> TO DO
Take the listing below and write it out again exactly, skipping any picture that it holds.

> DATASET EXTRACT
*** Block opens ***

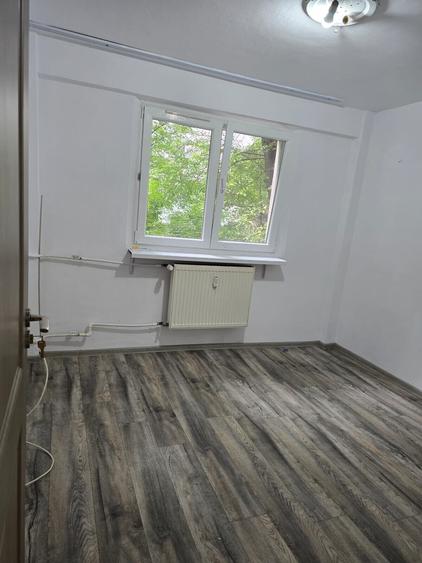 Apartament cu 2 camere decomandat, mobilat în Dristor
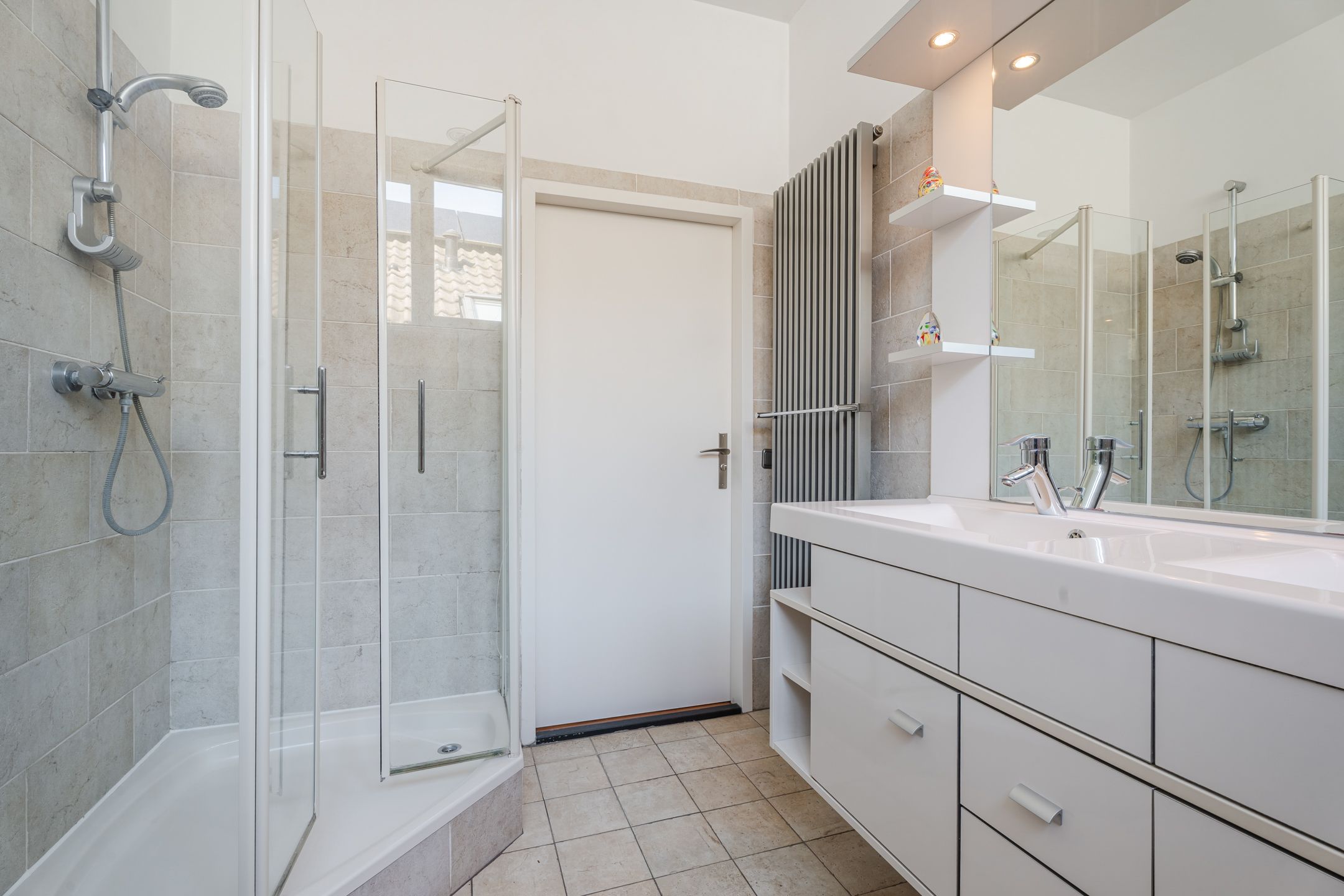 Spacious family home with garden in Park Jonkerbosch — 28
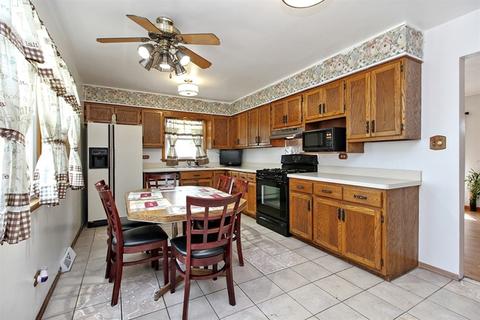17505 Maple Ave, Lansing, IL 60438 photo 3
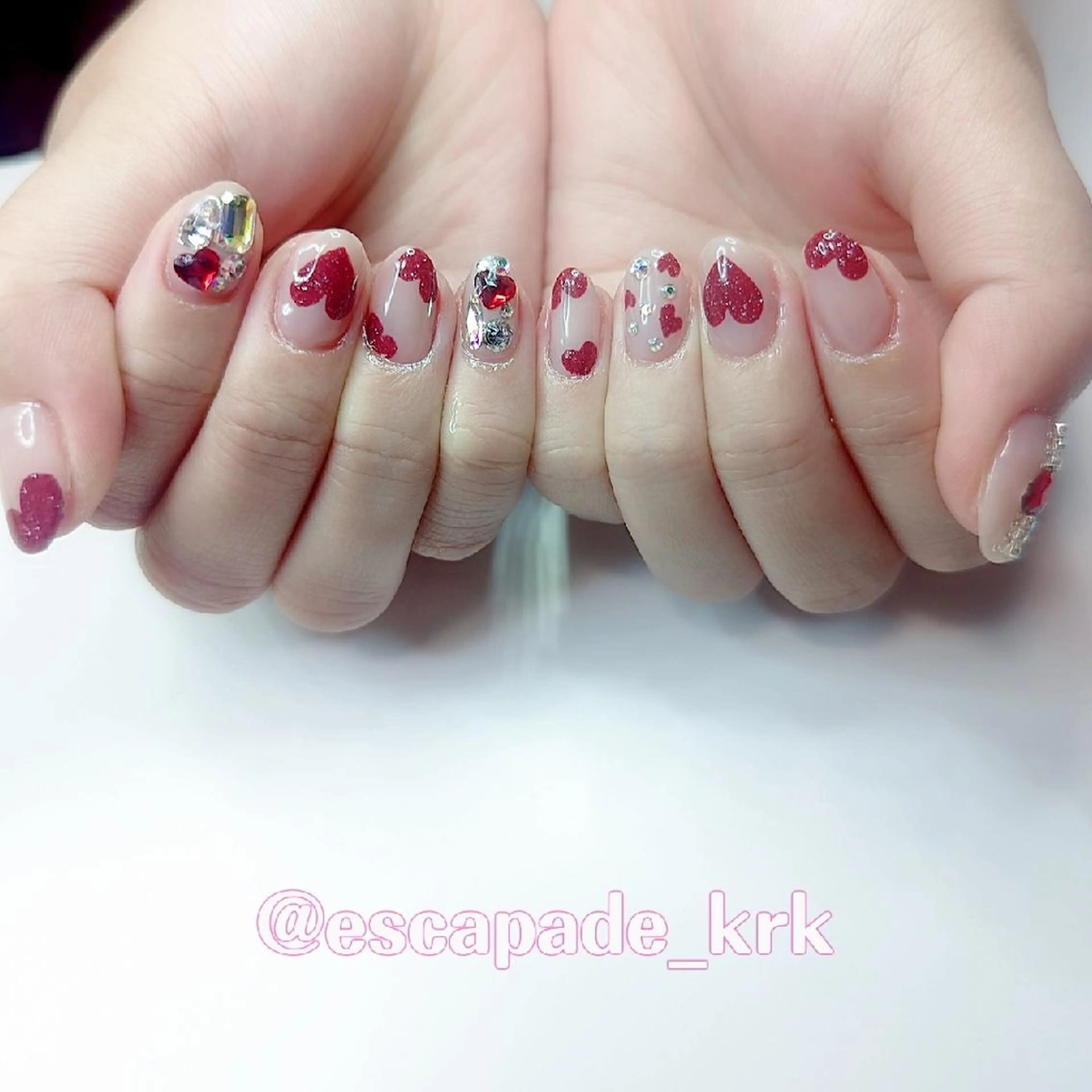 ショート ネイル ハンドネイル クロキ 。のネイルデザイン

*** Block closes ***

> RESPONSE AREA
 Apartament cu 2 camere decomandat, mobilat în Dristor
 Spacious family home with garden in Park Jonkerbosch — 28
17505 Maple Ave, Lansing, IL 60438 photo 3
 ショート ネイル ハンドネイル クロキ 。のネイルデザイン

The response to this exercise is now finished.